Animal crackers

Once upon a distant time, children didn’t read too many stories about animals: certainly not the cuddly, emotive, almost-human sort, nor the majestic, learning-to-respect-Nature sort either. For centuries, as far as most books were concerned, animals were either serviceable or edible (and sometimes both) – and children’s books, if they even existed, were strictly for instruction and not for pleasure. In fairy tales, there might well be animals that spoke, or had other magical powers, but they were just as far-fetched as wizards and dragons and seven-league boots.

Two Victorian authors probably did more than anyone else to unleash (sorry) the pack, flock, herd or school of animal tales that is now such an essential strain in children’s literature. Anna Sewell, daughter of a Quaker family, was badly injured in her teens and unable to stand or walk without crutches for the rest of her life. She depended more than most on horse-drawn transport, and was keenly aware of the often appalling treatment of horses at the time: Black Beauty was not intended as a children’s book, but rather as an evangelical tract directed at the vast numbers of nineteenth-century adults who kept horses, rode, drove or worked with them. It was hugely effective: an immediate bestseller, it inspired tremendous popular interest in the welfare of animals, and in laws to promote such. Even today, when cars and vans and tractors have taken over most workhorse-drudgery, Black Beauty remains one of the half-dozen universally acclaimed, evergreen “children’s” classics.

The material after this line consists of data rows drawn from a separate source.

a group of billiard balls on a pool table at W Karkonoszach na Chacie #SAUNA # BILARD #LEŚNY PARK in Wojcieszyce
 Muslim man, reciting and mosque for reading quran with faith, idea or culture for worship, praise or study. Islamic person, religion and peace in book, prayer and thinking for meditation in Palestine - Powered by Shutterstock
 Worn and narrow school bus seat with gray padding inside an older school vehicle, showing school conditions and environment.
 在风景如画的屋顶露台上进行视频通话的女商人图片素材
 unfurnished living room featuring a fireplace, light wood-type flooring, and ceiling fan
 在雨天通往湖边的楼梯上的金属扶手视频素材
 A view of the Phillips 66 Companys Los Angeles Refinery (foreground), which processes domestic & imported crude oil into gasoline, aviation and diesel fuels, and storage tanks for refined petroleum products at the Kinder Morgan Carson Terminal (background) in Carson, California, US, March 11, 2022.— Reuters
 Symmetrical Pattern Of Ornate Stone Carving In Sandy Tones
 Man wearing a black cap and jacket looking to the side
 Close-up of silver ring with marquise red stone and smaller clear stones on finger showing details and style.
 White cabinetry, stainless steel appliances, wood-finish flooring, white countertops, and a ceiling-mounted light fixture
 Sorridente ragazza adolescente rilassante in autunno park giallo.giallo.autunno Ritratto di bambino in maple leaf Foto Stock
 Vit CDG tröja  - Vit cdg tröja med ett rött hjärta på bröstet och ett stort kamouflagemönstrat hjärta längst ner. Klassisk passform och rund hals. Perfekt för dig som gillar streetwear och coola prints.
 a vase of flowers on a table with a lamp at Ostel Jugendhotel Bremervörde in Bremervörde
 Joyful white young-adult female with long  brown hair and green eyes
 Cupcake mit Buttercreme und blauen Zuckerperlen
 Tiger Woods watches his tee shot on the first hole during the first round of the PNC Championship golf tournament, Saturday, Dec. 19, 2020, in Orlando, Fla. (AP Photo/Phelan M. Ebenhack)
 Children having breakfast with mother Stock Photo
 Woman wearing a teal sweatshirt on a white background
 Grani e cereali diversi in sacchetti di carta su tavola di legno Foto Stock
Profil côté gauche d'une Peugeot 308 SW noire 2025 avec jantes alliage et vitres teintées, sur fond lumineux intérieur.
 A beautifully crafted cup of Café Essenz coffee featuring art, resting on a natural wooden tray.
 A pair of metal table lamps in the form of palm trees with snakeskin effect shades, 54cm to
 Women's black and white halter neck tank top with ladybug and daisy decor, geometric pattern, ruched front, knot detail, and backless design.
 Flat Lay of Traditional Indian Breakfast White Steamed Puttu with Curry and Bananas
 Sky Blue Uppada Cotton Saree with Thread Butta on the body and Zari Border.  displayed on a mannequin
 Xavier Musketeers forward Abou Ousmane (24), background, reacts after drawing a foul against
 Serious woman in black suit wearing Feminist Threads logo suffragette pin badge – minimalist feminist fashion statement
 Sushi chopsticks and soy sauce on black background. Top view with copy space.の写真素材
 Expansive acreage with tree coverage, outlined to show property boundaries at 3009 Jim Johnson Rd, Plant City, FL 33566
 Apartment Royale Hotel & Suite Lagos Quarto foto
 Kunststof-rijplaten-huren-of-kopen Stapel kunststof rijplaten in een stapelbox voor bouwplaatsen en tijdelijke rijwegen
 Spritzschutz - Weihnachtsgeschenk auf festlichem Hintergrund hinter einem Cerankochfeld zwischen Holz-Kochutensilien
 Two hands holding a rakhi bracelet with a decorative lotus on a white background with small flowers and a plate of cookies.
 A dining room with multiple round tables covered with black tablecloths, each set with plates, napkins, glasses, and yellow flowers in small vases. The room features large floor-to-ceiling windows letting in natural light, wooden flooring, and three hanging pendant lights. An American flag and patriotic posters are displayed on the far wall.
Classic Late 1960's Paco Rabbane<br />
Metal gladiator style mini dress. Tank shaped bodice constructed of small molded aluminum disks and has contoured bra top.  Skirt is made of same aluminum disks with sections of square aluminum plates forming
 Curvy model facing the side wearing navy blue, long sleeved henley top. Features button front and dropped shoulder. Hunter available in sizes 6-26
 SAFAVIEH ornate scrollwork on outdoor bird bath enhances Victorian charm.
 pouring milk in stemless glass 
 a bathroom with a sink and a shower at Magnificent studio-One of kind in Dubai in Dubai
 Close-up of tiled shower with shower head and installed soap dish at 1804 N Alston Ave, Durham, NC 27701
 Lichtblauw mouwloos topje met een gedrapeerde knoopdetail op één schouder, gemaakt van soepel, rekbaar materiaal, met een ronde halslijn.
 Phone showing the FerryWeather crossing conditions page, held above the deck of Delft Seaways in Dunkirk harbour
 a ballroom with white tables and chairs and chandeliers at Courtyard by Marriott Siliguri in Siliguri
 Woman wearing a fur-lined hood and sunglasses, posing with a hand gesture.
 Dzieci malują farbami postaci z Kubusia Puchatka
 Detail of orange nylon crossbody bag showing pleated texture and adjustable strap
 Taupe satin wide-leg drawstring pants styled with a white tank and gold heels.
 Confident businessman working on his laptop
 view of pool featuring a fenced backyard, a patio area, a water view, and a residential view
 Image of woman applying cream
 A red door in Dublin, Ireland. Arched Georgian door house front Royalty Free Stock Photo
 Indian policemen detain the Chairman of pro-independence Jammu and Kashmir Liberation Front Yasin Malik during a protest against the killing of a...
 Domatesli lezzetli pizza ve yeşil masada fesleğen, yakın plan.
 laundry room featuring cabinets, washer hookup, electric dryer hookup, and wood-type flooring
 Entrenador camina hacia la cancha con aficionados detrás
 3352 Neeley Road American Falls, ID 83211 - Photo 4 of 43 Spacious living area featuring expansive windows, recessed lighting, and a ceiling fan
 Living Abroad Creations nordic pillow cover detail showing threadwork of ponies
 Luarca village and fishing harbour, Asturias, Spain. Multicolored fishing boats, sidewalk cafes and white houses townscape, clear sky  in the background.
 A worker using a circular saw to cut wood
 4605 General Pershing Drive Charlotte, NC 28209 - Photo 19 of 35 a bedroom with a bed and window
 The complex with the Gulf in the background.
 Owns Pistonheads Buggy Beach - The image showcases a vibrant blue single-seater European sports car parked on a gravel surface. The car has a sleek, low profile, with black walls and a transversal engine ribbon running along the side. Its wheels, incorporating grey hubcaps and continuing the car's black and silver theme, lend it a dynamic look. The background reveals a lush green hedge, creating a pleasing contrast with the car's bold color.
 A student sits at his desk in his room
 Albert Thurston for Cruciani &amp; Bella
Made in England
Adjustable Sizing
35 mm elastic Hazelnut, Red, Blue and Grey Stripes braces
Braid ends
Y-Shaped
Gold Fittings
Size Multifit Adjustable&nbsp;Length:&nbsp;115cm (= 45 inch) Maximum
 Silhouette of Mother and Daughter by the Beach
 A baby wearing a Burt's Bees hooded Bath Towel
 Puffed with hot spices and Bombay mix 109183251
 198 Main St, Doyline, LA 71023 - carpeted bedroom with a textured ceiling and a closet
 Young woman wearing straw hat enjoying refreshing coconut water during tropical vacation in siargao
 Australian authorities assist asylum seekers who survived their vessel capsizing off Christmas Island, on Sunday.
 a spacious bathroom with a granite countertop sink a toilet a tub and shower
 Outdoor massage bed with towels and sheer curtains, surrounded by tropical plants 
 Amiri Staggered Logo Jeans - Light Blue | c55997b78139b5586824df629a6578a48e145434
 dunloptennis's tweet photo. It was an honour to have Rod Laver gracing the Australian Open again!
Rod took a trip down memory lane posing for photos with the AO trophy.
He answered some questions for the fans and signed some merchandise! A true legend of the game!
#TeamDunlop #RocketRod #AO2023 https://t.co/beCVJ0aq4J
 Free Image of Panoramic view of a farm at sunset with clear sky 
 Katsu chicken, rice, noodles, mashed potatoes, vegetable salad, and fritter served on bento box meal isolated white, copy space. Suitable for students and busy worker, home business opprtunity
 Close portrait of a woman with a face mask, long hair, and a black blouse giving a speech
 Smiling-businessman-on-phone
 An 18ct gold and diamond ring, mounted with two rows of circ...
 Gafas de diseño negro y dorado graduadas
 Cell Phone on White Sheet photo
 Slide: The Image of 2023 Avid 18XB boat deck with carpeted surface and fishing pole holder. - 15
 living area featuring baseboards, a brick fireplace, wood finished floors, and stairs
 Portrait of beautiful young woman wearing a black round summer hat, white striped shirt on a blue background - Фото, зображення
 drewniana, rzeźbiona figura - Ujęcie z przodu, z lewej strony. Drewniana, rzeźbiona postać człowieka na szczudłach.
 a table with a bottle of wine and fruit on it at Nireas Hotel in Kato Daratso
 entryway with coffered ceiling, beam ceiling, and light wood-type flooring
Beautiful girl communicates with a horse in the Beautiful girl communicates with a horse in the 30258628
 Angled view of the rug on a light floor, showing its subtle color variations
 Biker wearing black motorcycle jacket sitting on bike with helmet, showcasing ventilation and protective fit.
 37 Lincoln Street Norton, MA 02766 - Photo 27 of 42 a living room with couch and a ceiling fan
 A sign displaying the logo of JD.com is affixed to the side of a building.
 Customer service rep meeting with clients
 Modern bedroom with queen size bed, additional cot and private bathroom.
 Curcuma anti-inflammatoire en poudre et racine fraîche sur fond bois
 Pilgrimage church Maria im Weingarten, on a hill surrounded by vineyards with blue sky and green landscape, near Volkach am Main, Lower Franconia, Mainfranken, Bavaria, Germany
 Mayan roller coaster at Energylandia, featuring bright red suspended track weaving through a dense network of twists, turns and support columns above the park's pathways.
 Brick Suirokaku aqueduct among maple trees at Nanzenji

Thirty years after Black Beauty, a talented watercolour artist from a stifling Kensington family began publishing illustrated stories that soon achieved the same unlikely celebrity. Beatrix Potter’s rabbits, hedgehogs, squirrels, frogs and mice had the vivid detail and realism that often came from life studies of dead specimens; at the same time, her creatures wore jackets and waistcoats, bonnets and pinnies, and their earthy burrows were comfortably furnished with kitchen ranges and dining tables. Today we give complete sets of the Tales as baby shower presents – or perhaps we opt for the tasteful shorthand of plates and bowls (china for show, melamine for everyday), bibs and towels – muffling or ignoring the dangerous edges of the nearly-butchered, nearly-caught, nearly-eaten in so many of the stories.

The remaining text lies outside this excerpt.